By twenty-two she had reached millions, written for the New York Times and campaigned for Obama. But then tragedy struck.

In a recent issue of the New Yorker there is a picture of a girl – tall, moon-faced, beautiful – wearing a yellow raincoat. The girl is smiling. The image is part of an advertisement for a new book, The Opposite of Loneliness, a collection of essays and short stories by the American wunderkind Marina Keegan.

In 2011, Keegan wrote an essay called “Even Artichokes Have Doubts”, in which she lamented the unthinking march of Ivy League graduates into jobs on Wall Street. The piece caught the attention of the business reporter Kevin Roose, who commissioned her to write about the subject for the New York Times. Internships at the Paris Review and the New Yorker followed. Keegan was destined for great things.

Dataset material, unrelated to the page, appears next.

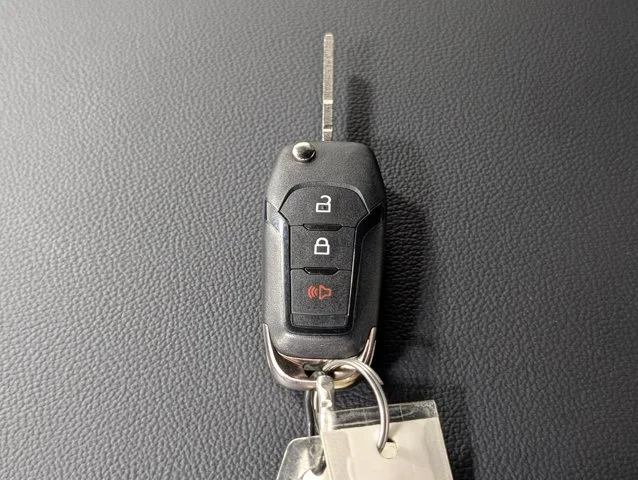 New 2026 Oxford White Ford STX® image 54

On graduating from Yale University in 2012, the 22-year-old published a short piece in a special edition of the Yale Daily News, handed out to students on their final day at university. When it was published online, it became an instant hit, racking up 1.4 million views.

“We have these impossibly high standards and we’ll probably never live up to our perfect fantasies of our future selves,” she wrote. “But I feel like that’s OK. We’re so young. We’re so young. We’re 22 years old.”

Five days after graduating, on 26 May 2012, Marina died in a car crash on the edge of Cape Cod. She was travelling to her father’s 55th birthday when her boyfriend lost control of the vehicle.

“High on their posthumous pedestals, the dead become hard to see,” writes Anne Fadiman, one of Keegan’s writing tutors at Yale, in her introduction to The Opposite of Loneliness, which is published this month. “Marina wouldn’t want to be remembered because she’s dead. She would want to be remembered because she’s good.”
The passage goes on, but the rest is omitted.